On the rare days when I watch something, I choose an ad free OTT platform. I avoid the low quality and often crass content on those platforms where many creators do not even know the difference between the sound of sh and the sound of s.
Mubi appeals to me because it feels curated, like walking through a well-kept library, though I find it expensive considering how rarely I watch films. Netflix works too because its navigation is simple and clean. Anything cluttered, noisy or filled with interruptions loses me within minutes. I do not even own a television any more and I do not miss it. It has been over 15 years now.
The written word has always been more rewarding for me. Even when a beloved book becomes a film or a series, I find the original text far more entertaining. The imagination stays alive longer that way. The joy lingers. There is a certain grounding that only the quiet companionship of words can provide. Though to be clear, these films are far ahead of the low class content I mentioned earlier. I have no intention of comparing there to them. These films are definitely a different class, even if I find books usually better.
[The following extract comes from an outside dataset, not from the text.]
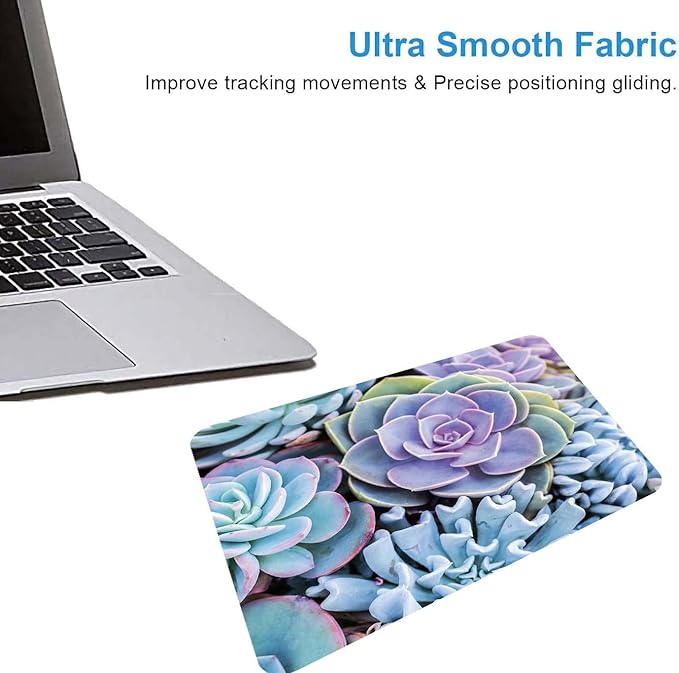 Cute Mouse Pad,Succulents Mouse Pad,Mouse Mat Square Waterproof Mouse Pad Non-Slip Rubber Base Mousepad for Office Laptop, 9.5"x7.9"x0.12" Inch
Among my guests and friends, I am grateful that many prefer thoughtful reading over the endless scroll of low-grade videos. We often exchange book recommendations and good long-form articles. I once dreamt of a small neighbourhood book club but it faded before it began. Perhaps one day it will find its season.
So if ever you want to share something enriching with me, send me a link to a well-written blog, a text-heavy article or simply the title of a book. Do not send videos from Facebook, Instagram or YouTube. I have stepped out of that world and I am happier for it. Reading keeps my mind steady. It keeps me mindful in a world that constantly pushes distraction. And most of all, it gives me space to breathe.